(Beginning of INFORMATION SHOWN)

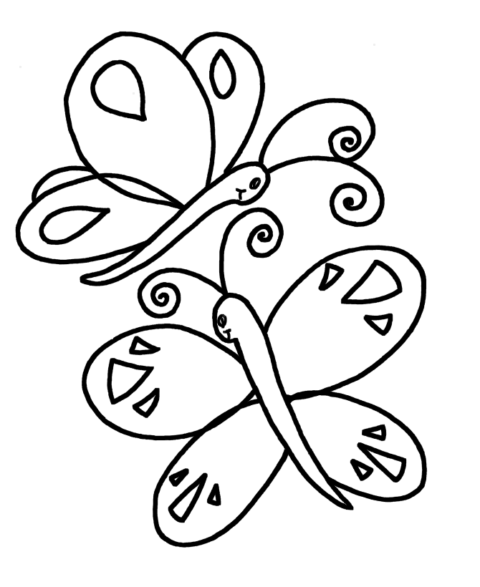 Simple Coloring Pages (25)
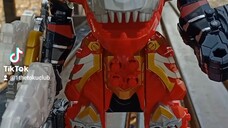 kishiryuoh shine raptor shorts ver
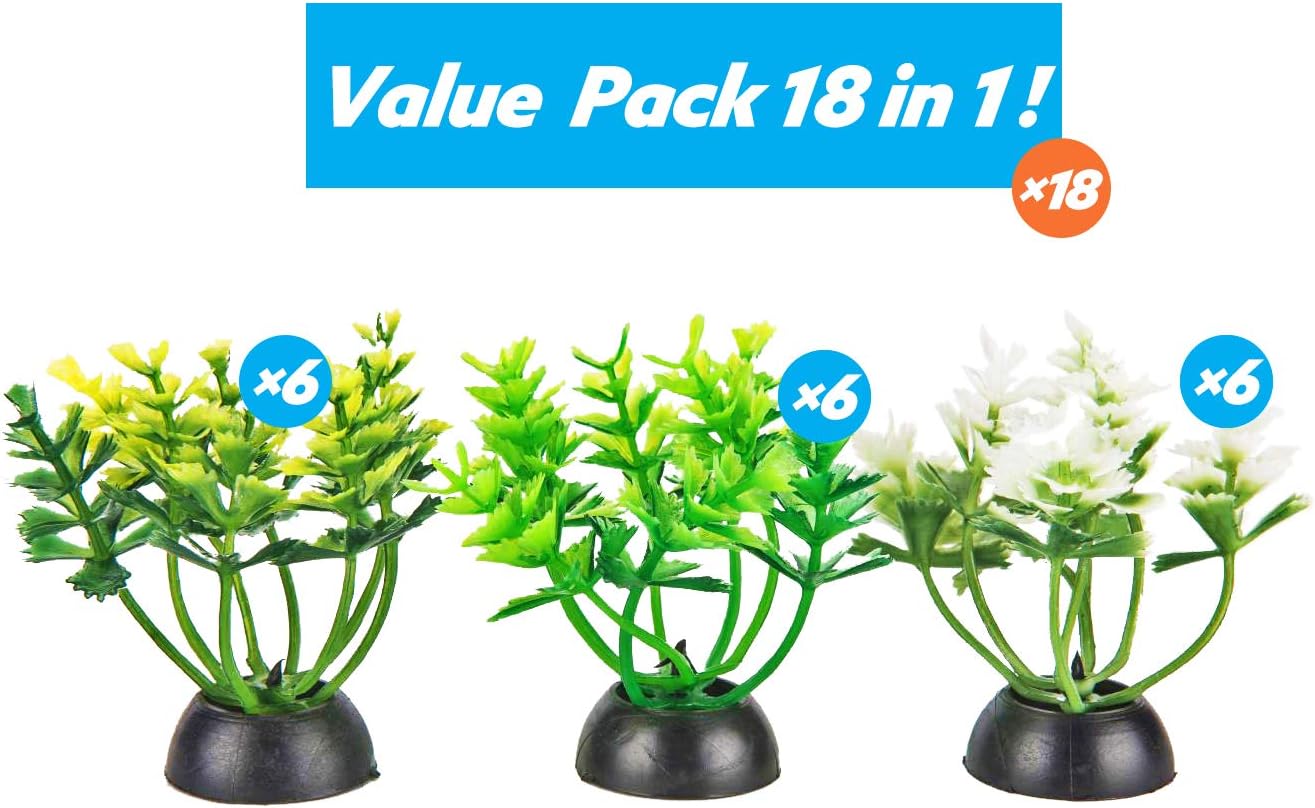 Aquarium BEGONDIS Decorations Pets &amp; Fish All for Plastic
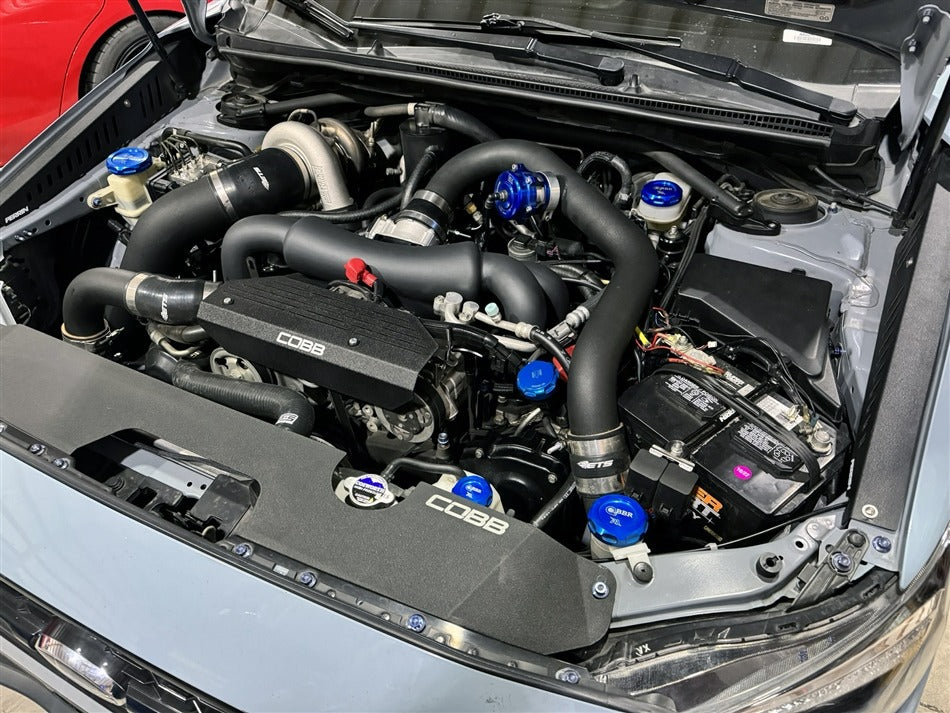 Torque Solution High Volume Intake Manifold - 2004-2021 Subaru STI / 2006-2014 WRX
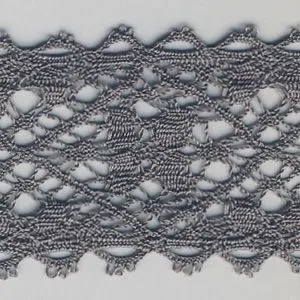 Torchon Lace #159 Medium Gray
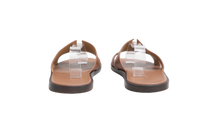 HERMES SANDAL IZMIR LEATHER GOLD - 45 BR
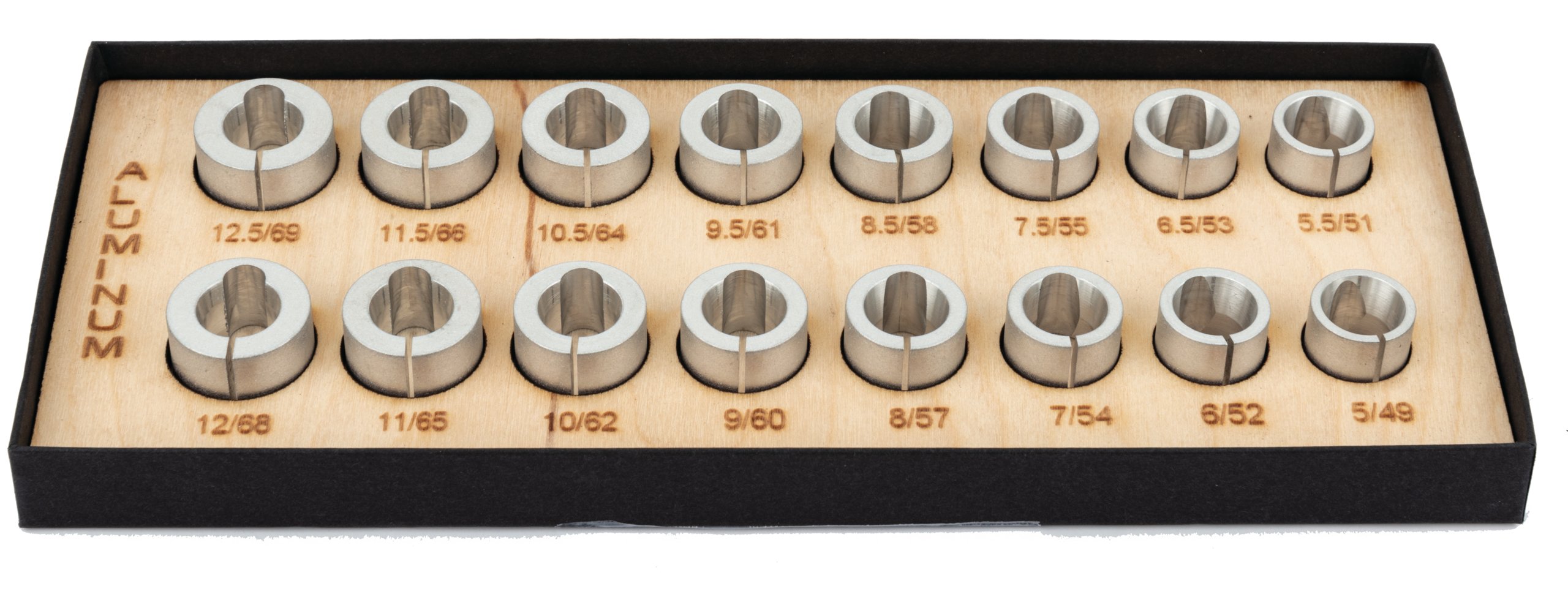 Collet Set for use with The RinGenie™
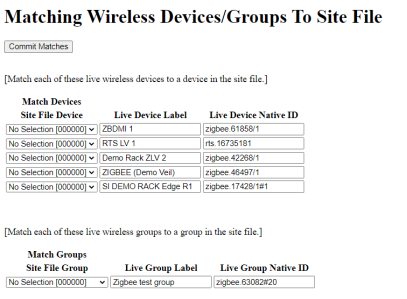 Site File Creation - Aggregate Table Verification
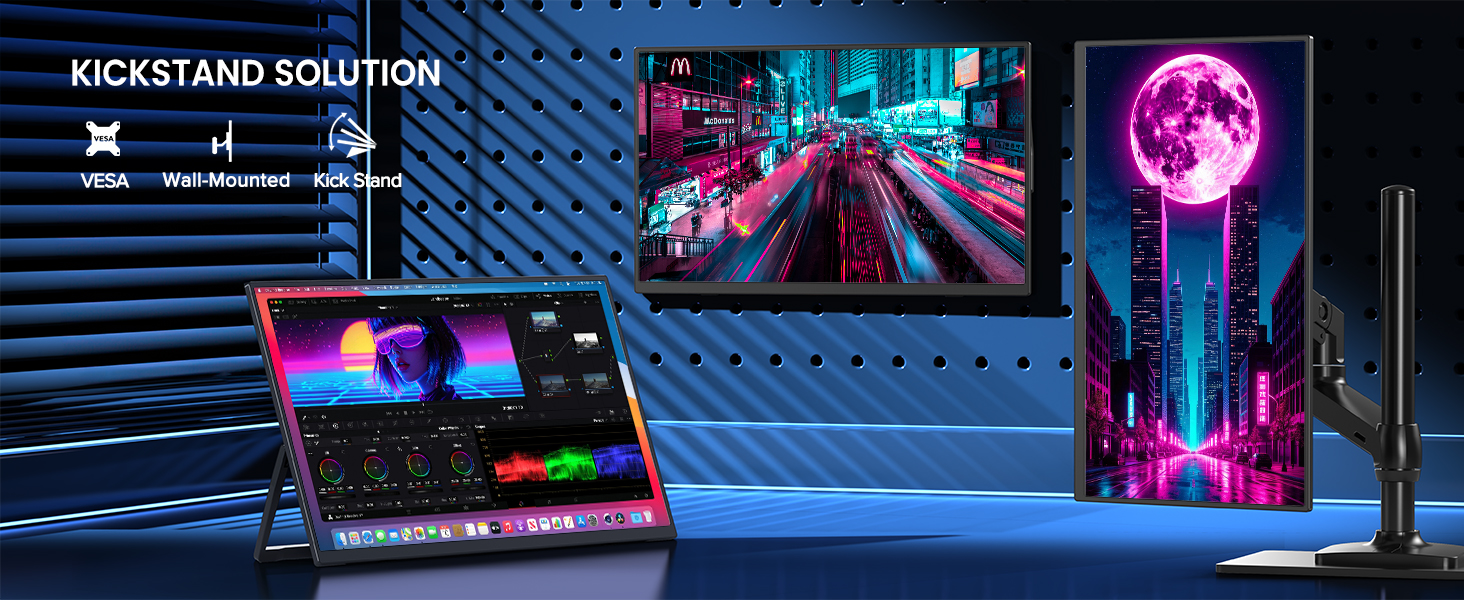 UPERFECT Портативний монітор 15.6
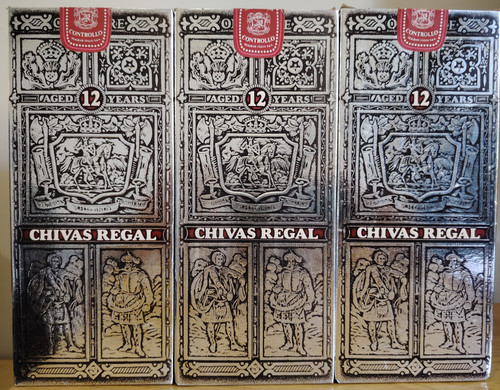Lotto bottiglie chivas regal - chivas,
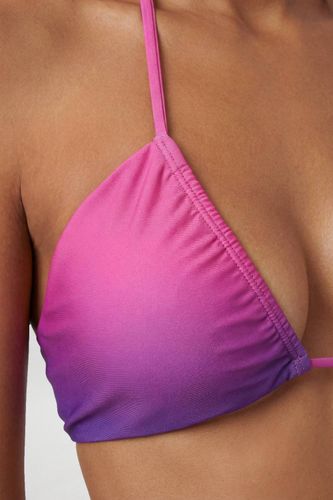 Haut De Bikini Ombré À Liens Latéraux | Taille XS - KarenMillen - Modalova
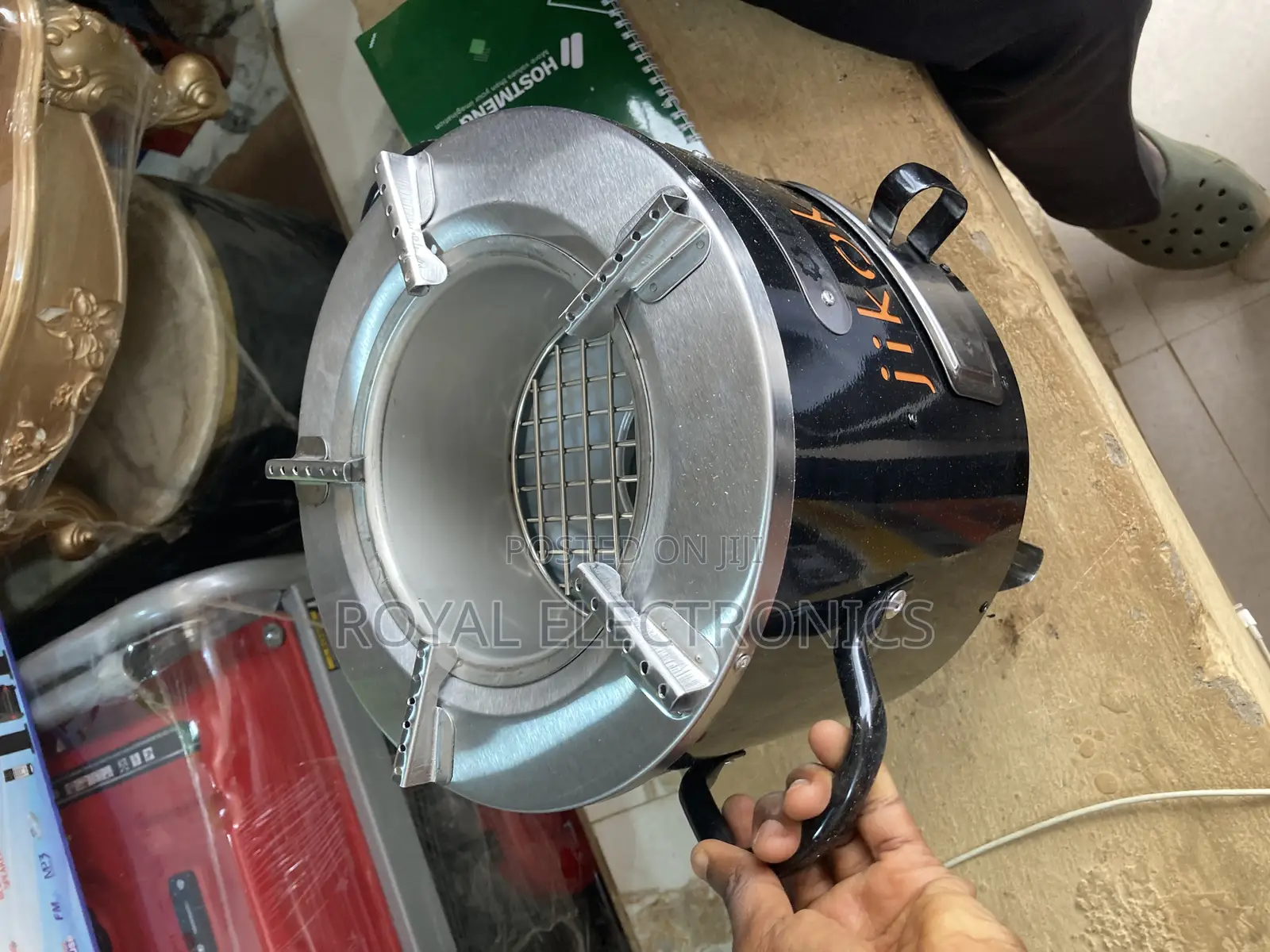 Xtra Modern Charcoal Stove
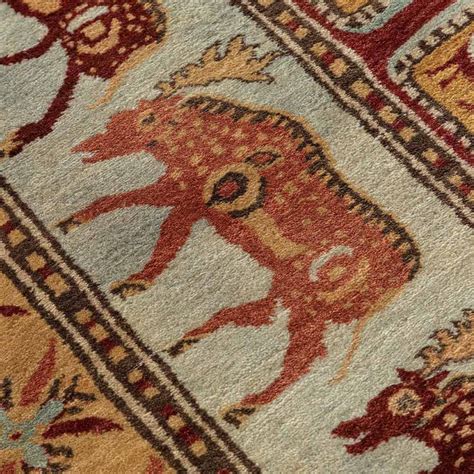 Pazyryk Hand Knotted Woollen Rug – Obeetee Retail Pvt. Ltd.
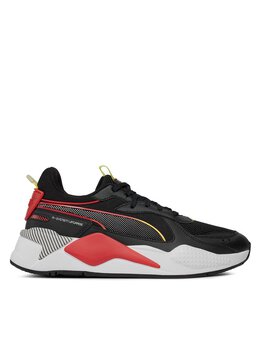 PUMA: Чёрные кроссовки  RS-X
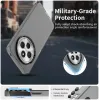 Phonesta HardFrost Back Cover hoesje voor Xiaomi Redmi 14C / Xiaomi Poco C75 - Mat Zwart 1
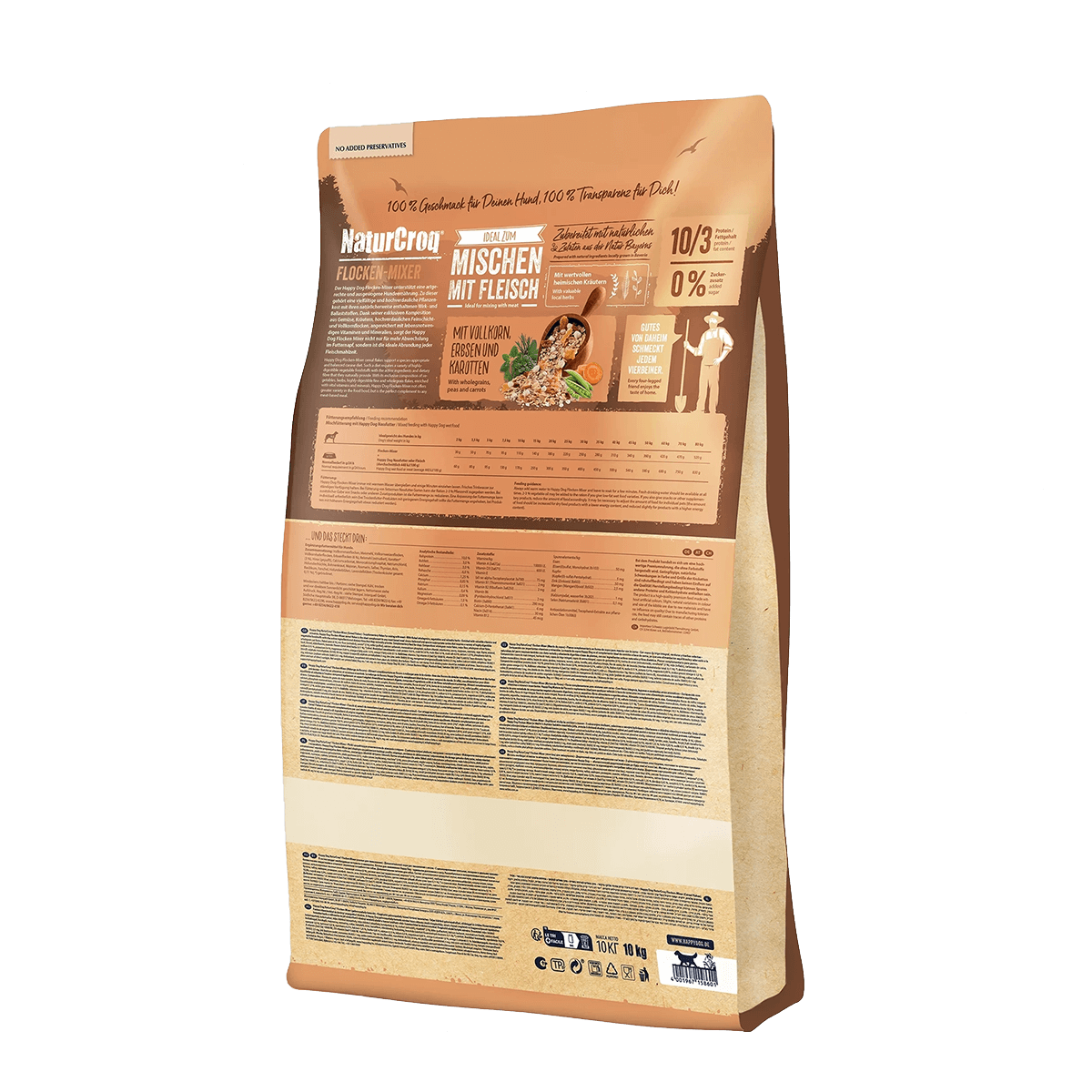 Happy Dog Naturcroq Flocken Mixer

(End of INFORMATION SHOWN)

■ ACTIVITY ■
Exactness is what counts here: copy each entry as given and omit its pictures.

■ RESPONSE AREA ■
 Simple Coloring Pages (25)
 kishiryuoh shine raptor shorts ver
 Aquarium BEGONDIS Decorations Pets &amp; Fish All for Plastic
 Torque Solution High Volume Intake Manifold - 2004-2021 Subaru STI / 2006-2014 WRX
 Torchon Lace #159 Medium Gray
 HERMES SANDAL IZMIR LEATHER GOLD - 45 BR
 Collet Set for use with The RinGenie™
 Site File Creation - Aggregate Table Verification
 UPERFECT Портативний монітор 15.6
Lotto bottiglie chivas regal - chivas,
 Haut De Bikini Ombré À Liens Latéraux | Taille XS - KarenMillen - Modalova
 Xtra Modern Charcoal Stove
 Pazyryk Hand Knotted Woollen Rug – Obeetee Retail Pvt. Ltd.
 PUMA: Чёрные кроссовки  RS-X
 Phonesta HardFrost Back Cover hoesje voor Xiaomi Redmi 14C / Xiaomi Poco C75 - Mat Zwart 1
 Happy Dog Naturcroq Flocken Mixer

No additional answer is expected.